Wow...yeah without seperating the mothers and knowing who is in each breeding...you don;'t have much hope. Being a good breeder is in part keeping GOOD records. You can't possibly keep good records with a mixed tank of babies like this. In the future I highly recommend giving each expecting mother her own 10 gallon tank.


----------



## Laigaie (Mar 7, 2011)

I would argue that you most certainly can keep good records if you have multiple mothers in one tank. You're just going to have trouble if those litters are expecting similar young and are of close enough age that you cannot identify them by size, as in this case.


----------



## SarahY (Nov 6, 2008)

> I would argue that you most certainly can keep good records if you have multiple mothers in one tank.

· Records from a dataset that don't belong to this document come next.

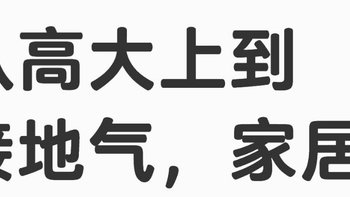 从高大上到接地气，家居装饰品的“降级”之路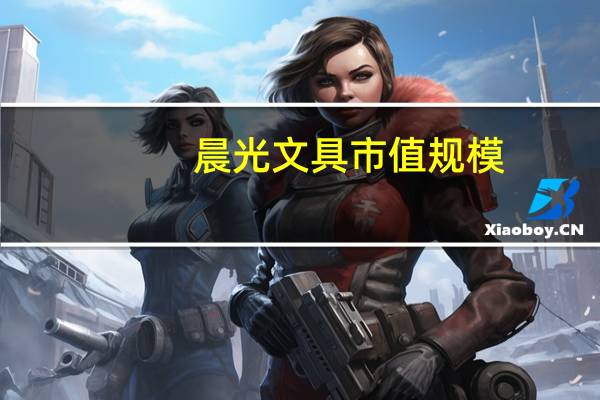 晨光文具市值规模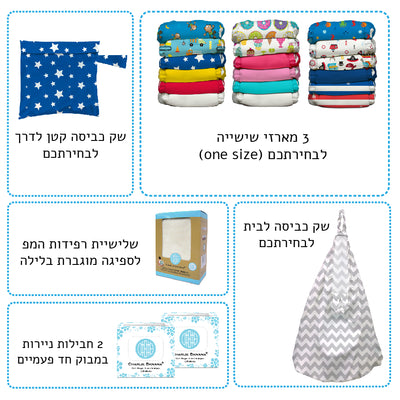 ערכת "עפים על החיים"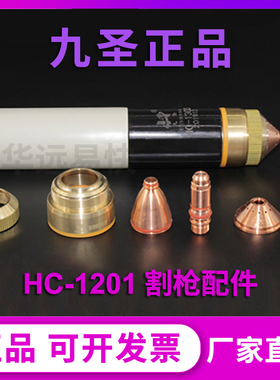 等离子切割机九圣CUT130割枪HC1201配件电极喷嘴割嘴保护帽铜外套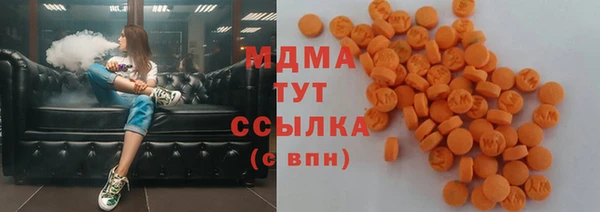бошки Арсеньев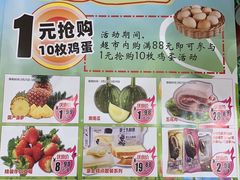 -嘉荣超市(清远万达店)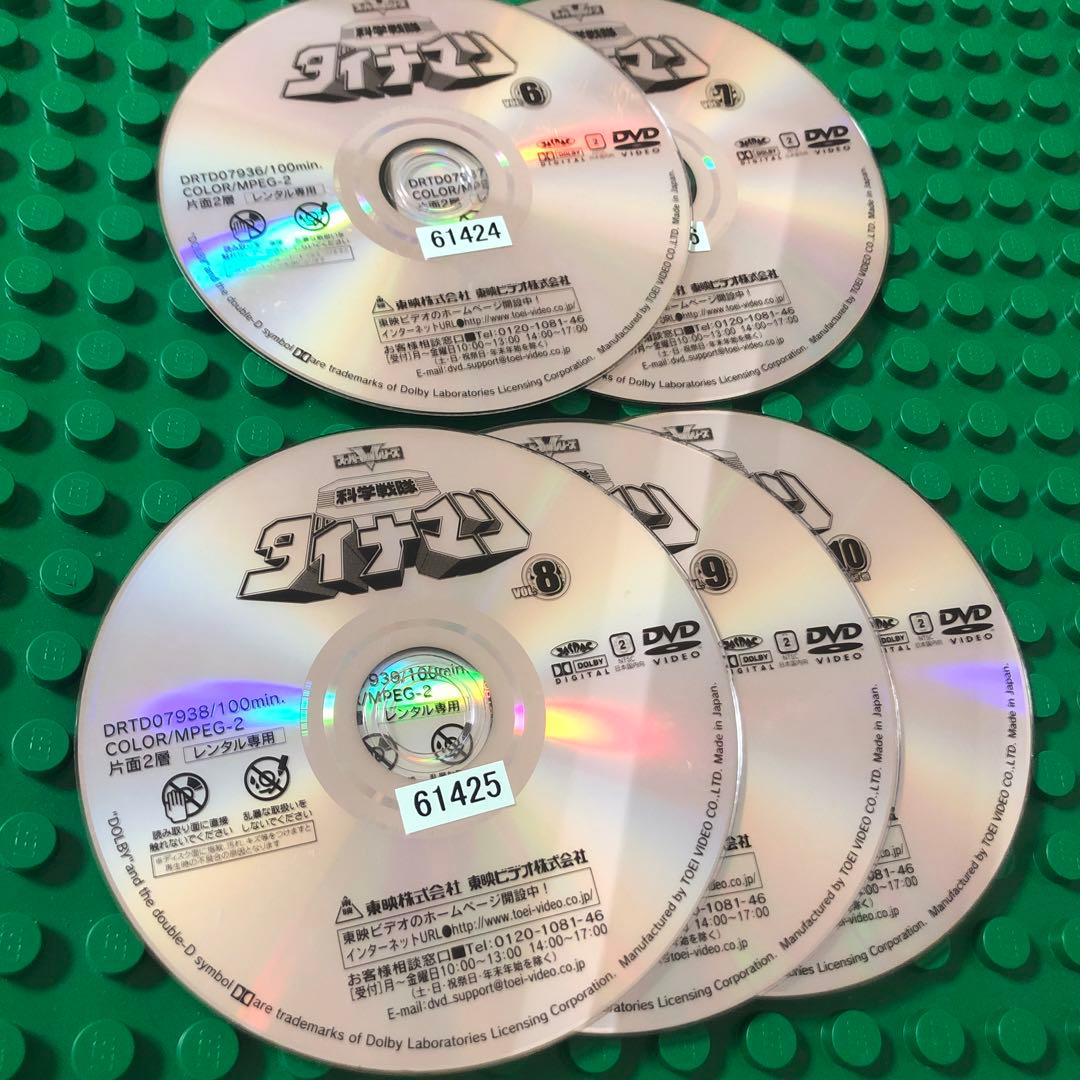 科学戦隊ダイナマン　DVD ／全10巻中5枚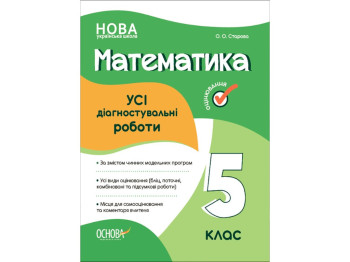 НУШ Математика. Все диагностические работы. 5 класс, Основа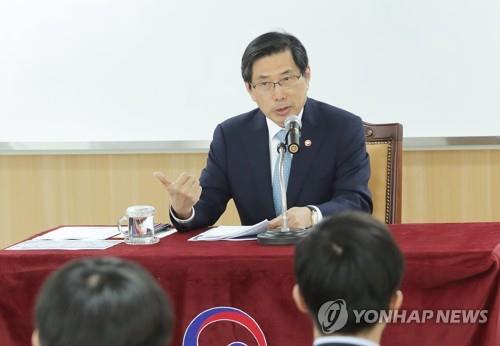 박상기 법무부 장관 [연합뉴스 자료사진]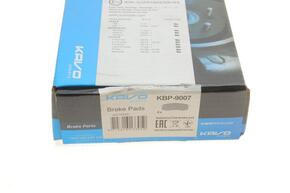 KAVO PARTS kbp9007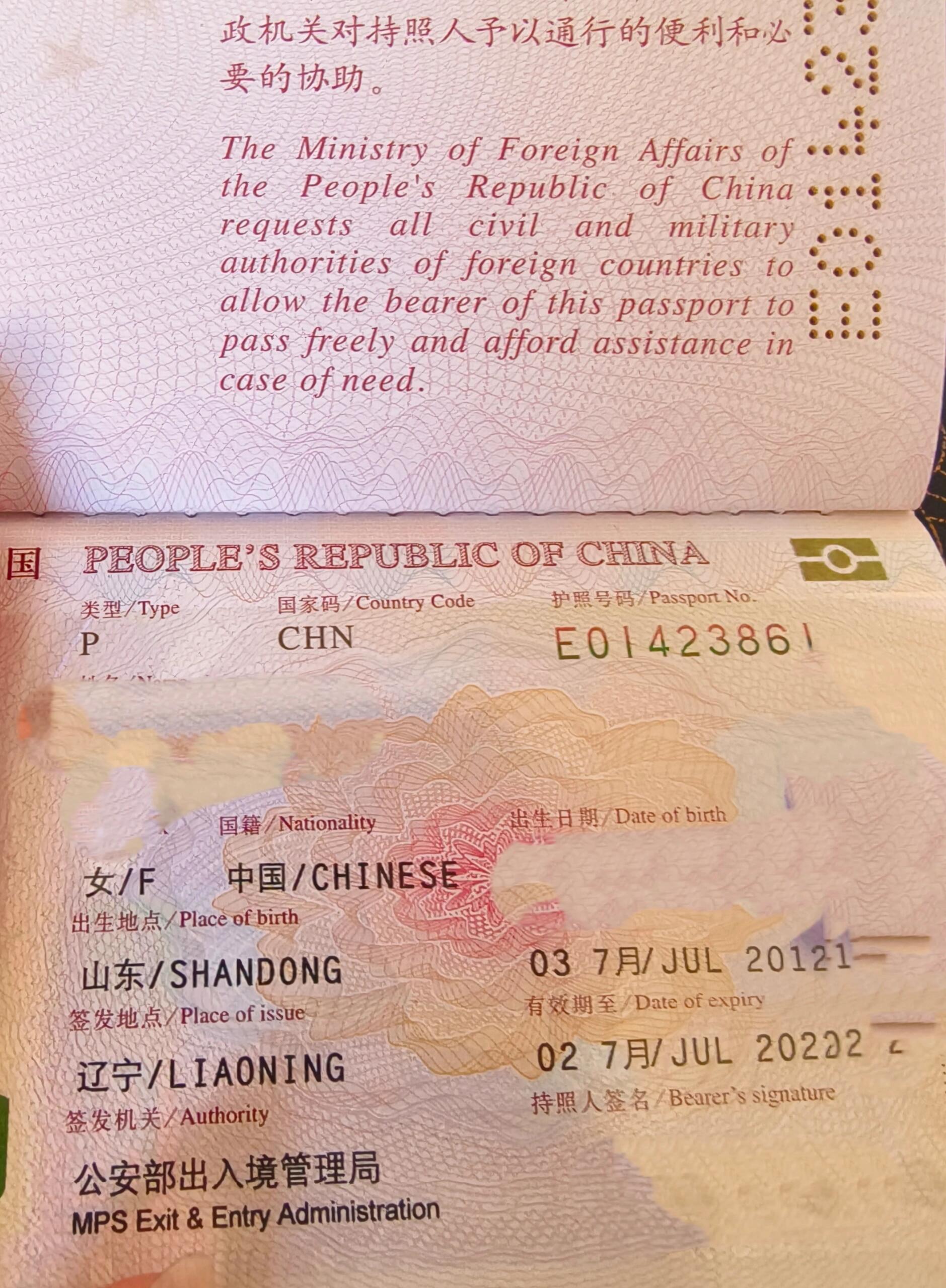 护照一次都没有用上就过期啦,10年感觉真是弹指一挥间啊,人生有几个10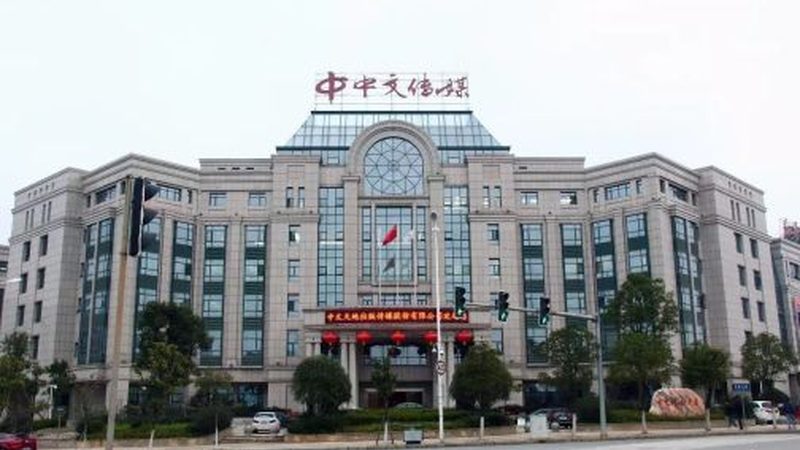 公关传播效果评估，北京机构如何助力企业精准定位？**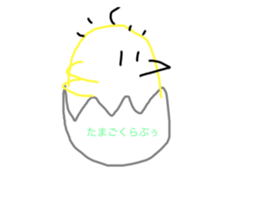 343884539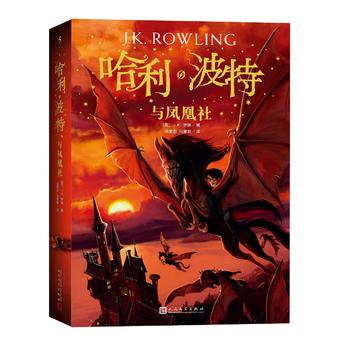 �����������c�P���磨���Z�ġ��̲����]��x��Ŀ�������ͯ�ČW(xu��)��(j��ng)������Ӣ�������ƽ�b�棩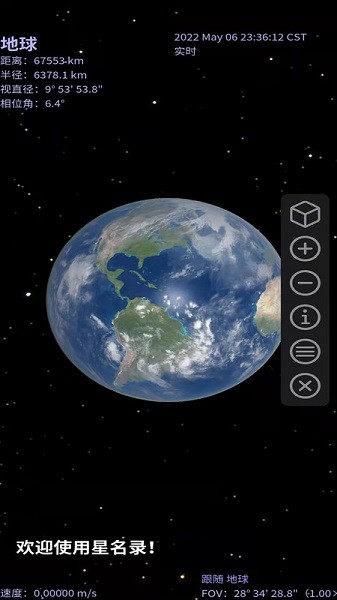 星名录app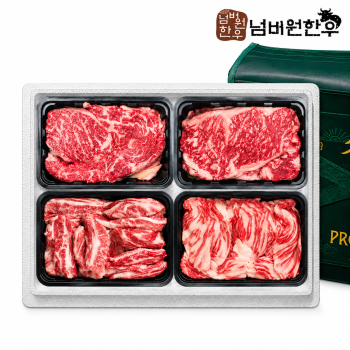 [넘버원한우] 한우 1++(9)등급 등심200g+채끝200g+갈비살200g+차돌박이300g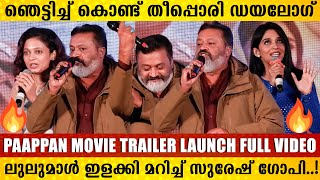 PAAPPAN TRAILER LAUNCH FULL VIDEO  PAAPPAN TRAILER LAUNCH AT LULU MALL  SURESH GOPI AT LULU MALL [upl. by Issac157]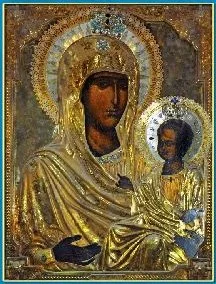 Попская икона Божией Матери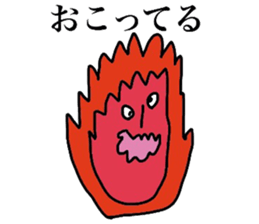 Your John sticker #3618413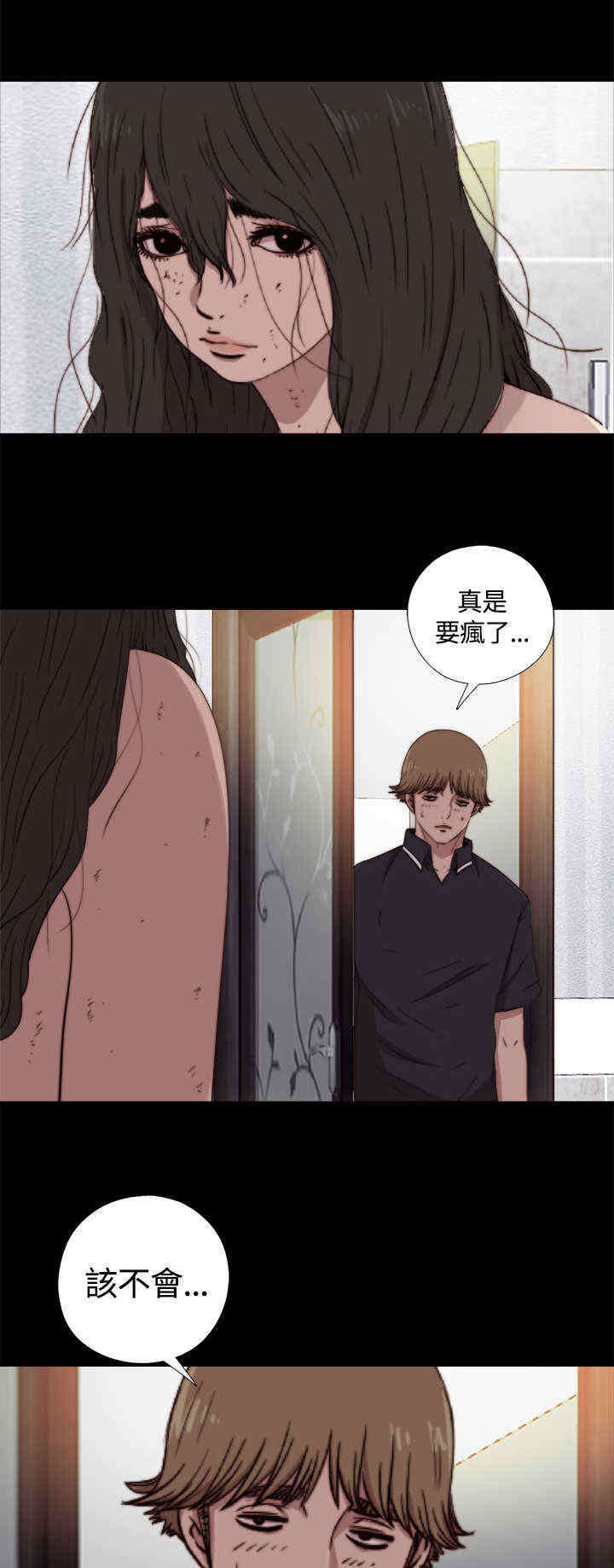 寻找梅莉漫画,第9章：逃走1图
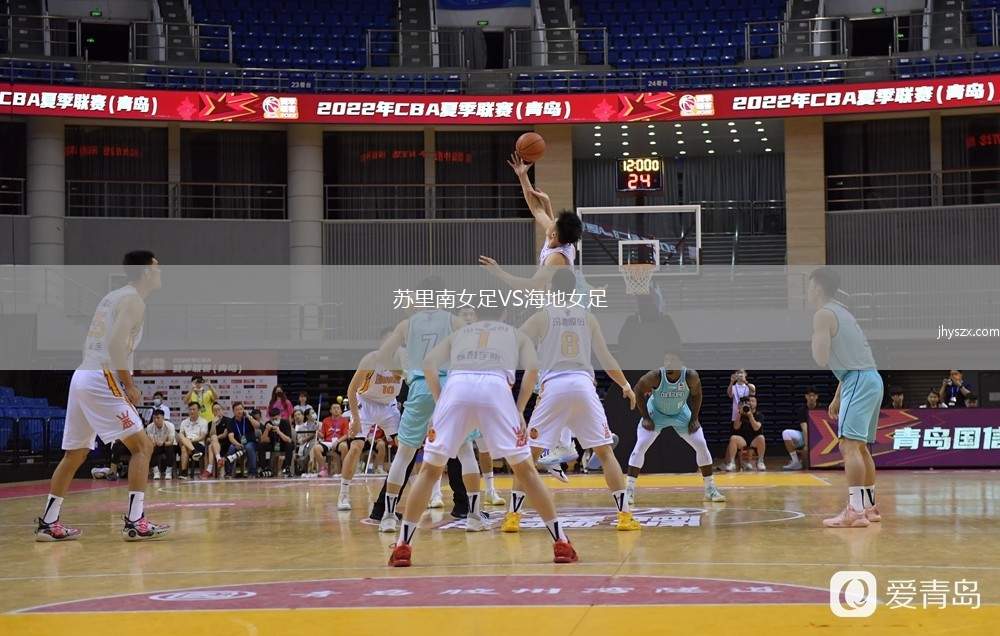 苏里南女足VS海地女足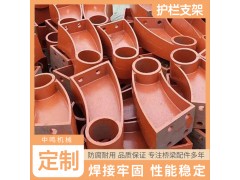 铸铁焊接防撞立柱 镀锌防撞栏杆支架 市政围栏底座图3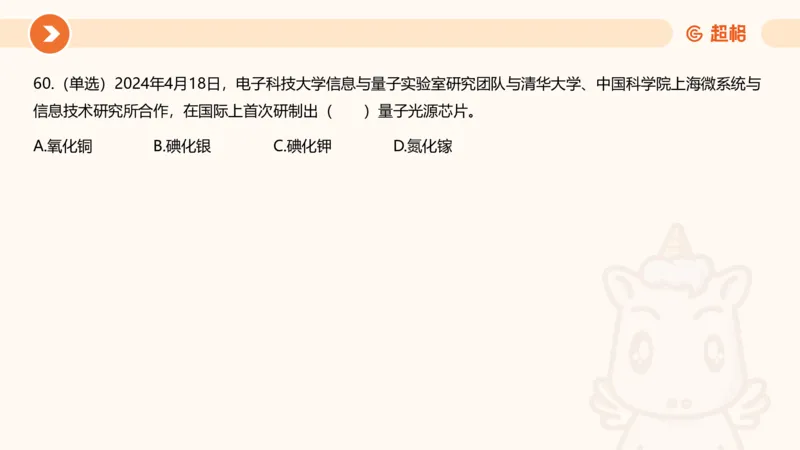 04、2024年4月时政刷题公众号：叛逆小樱桃_2026考公资料_（05）超格_超格时政_24时政合集_2024超格时政梳理+时政刷题_2024年时政刷题_04、4月时政刷题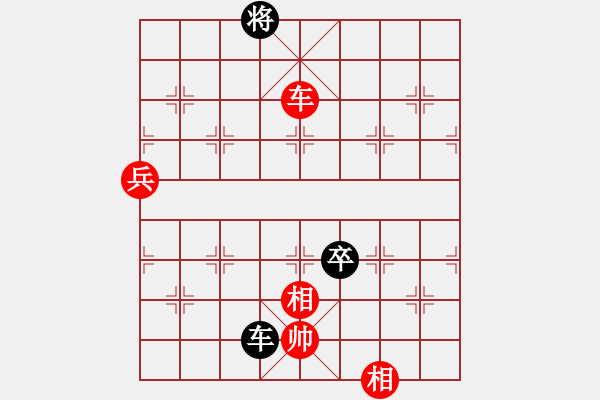 象棋棋譜圖片：笑看風(fēng)云 先負(fù) 雨中漫步 - 步數(shù)：120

Absolutely, if you litter say a Dutch and a silver fox together, then yes it's easy to keep good records 



> Being a good breeder is in part keeping GOOD records.


I would also just like to say that while many successful mouse fanciers keep records, and many more don't. You've got to do what's right for you  In Tony Cooke's book "Exhibition and Pet Mice" he advocates keeping strict records. In Tony Jones' book "Encyclopedia of Pet Mice" he says time spent writing up records is time you could be spending with your mice. Both fanciers were very, very successful in the UK showing fancy.


----------



## Autumn2005 (Apr 21, 2010)

It was a bit of a goof that all three does ended up in the same cage at the same time, and all gave birth. I thought I had a few more days to get them set up, but once they had babies, I didn't want to disturb them. It was actually easy to tell them apart once they had all their fur in. One of the fathers had a vary distinctive face marking he passes on to ALL of his children, regardless of mother, any tans obviously belonged to my tan doe, non-satins belonged to the carrier father, and the identical babies that gave me so much trouble turned out to be all RYs.

Here's a pic of the girls I kept:









I do clean the glass, honest! They just smear it so quick. They like to kick out the food and then sleep in their dish.


----------



## Frizzle (Oct 6, 2011)

Glad to hear it all worked out for you! Don't worry about the scuzzy, one of my girls likes to pick her poop up and stick it to the sides of her tank. Waaaay grosser then a little smeary glass. : P


----------